His mother said, “Yes, it’s been expected for the last 97 years.”
Even when we reach the stage of life when the proverbial horizon is approaching, we pre-emptively strike with a pithy nugget or sarcasm of self-deprecating sass. My father lived an extraordinarily long life and could find humor at every opportunity. The time came when we had to call in hospice, which is always a difficult and sobering experience. Sensing the weight of the situation and realizing the imminent doom we were all feeling, Daddy summoned his well-honed humor and asked the lovely hospice nurse, “What is your success rate?”
Crickets. The poor lady didn’t know what to say until we all fell over laughing, and we knew then that everything was going to be OK. Humor is the best medicine, although that morphine really does work.
My mother is in assisted living. Primarily because if she lived with me, one of us would not survive. On one occasion, she had to transfer from one room to another, which meant that someone had to be there so that the cable man could switch the account. I arrived to meet the technician for the 10-12:00 service window which, of course, meant that I was still there at 3p.m. Then, a nurse walked in, clearly a nurse, in a nurse uniform, name tag which declared that he was a nurse, nurse bag and standard-issue stethoscope around his nurse neck. He introduced himself to my mother, identifying himself as a nurse, asked my mother if he could perform traditional nurse duties, taking her temperature, blood pressure, blood oxygen cuff on her finger. He asked if he could check her feet to ensure that indeed her circulation was circulating. She obediently did what she was told, answered his medical question and complied with his requests.

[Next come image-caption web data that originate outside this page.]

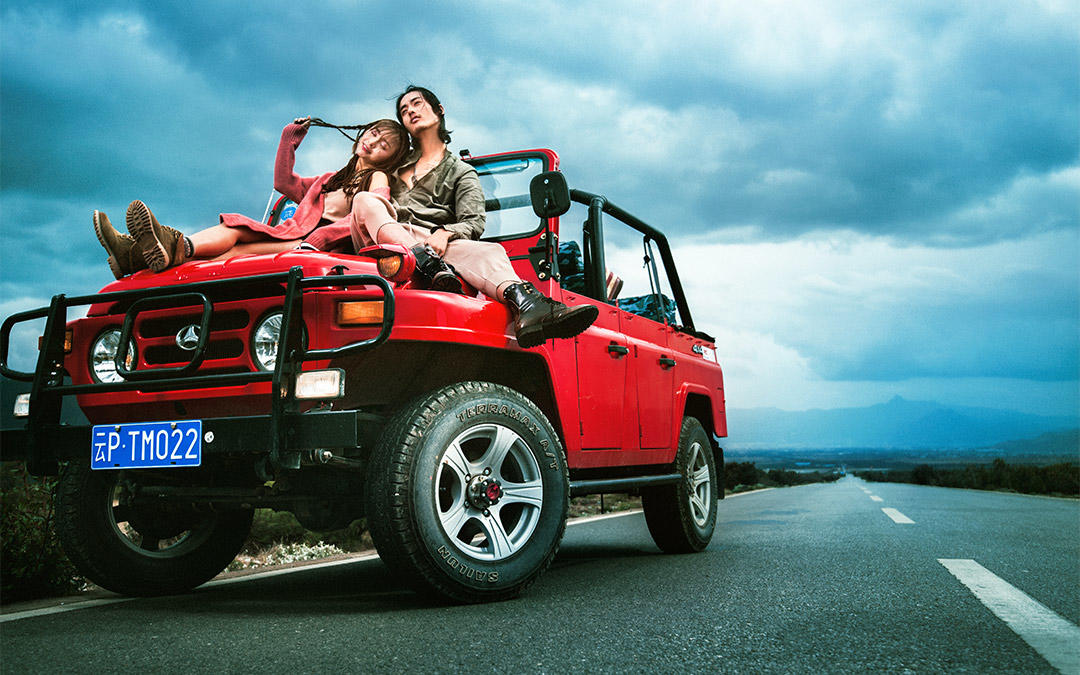 成都1天檔熱銷套系（園游會）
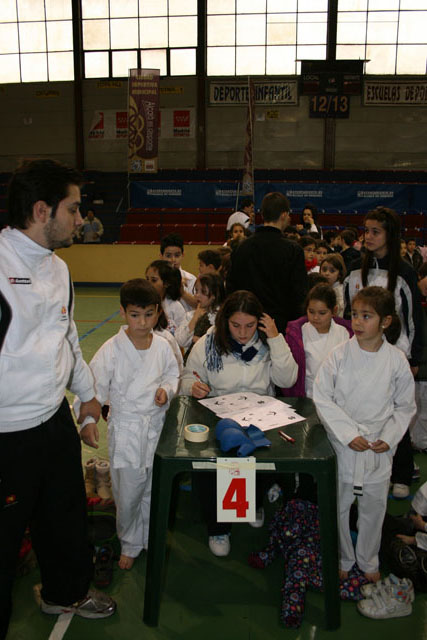 Deporte Infantil Kata Baggu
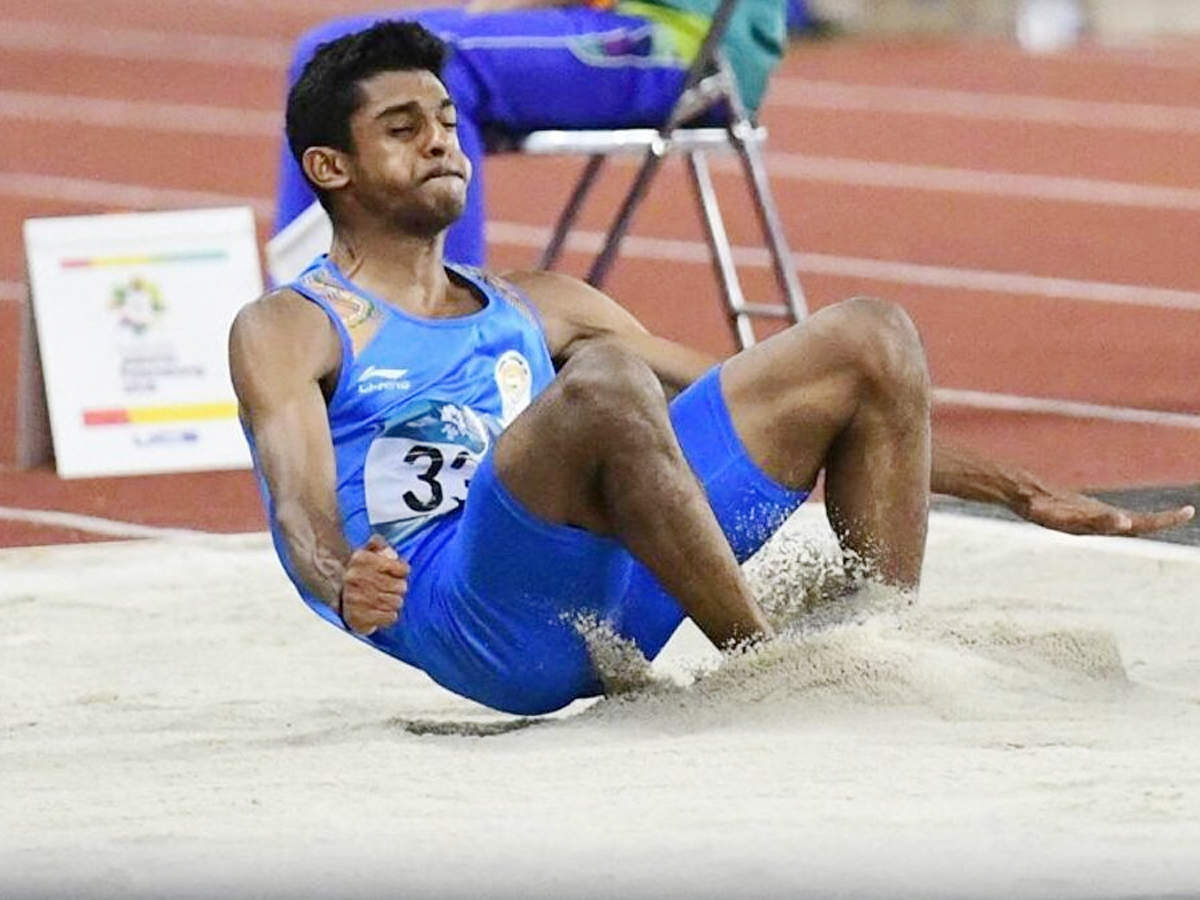 Need quality competition in run-up to the Olympics: Murali Sreeshankar |  More sports News - Times of India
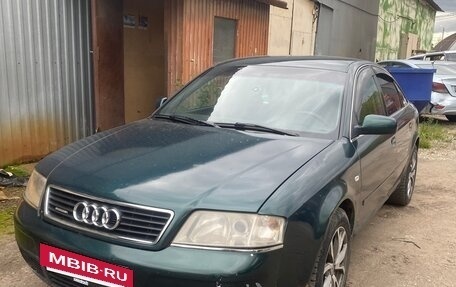 Audi A6, 1997 год, 390 000 рублей, 11 фотография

He then said that he needed to inspect her backside to make sure she wasn’t exhibiting signs of bedsores. She did as she was told and provided a vision of her backside, whereupon she turns to me and asks (drumroll, please),”When is he going to turn on the cable?”
Oh, yes she did!
Annie Gray Sprunt’s (eventual) life goal is to emulate Chrysippus of Soli, the Greek Stoic philosopher who died from laughing at his own jokes.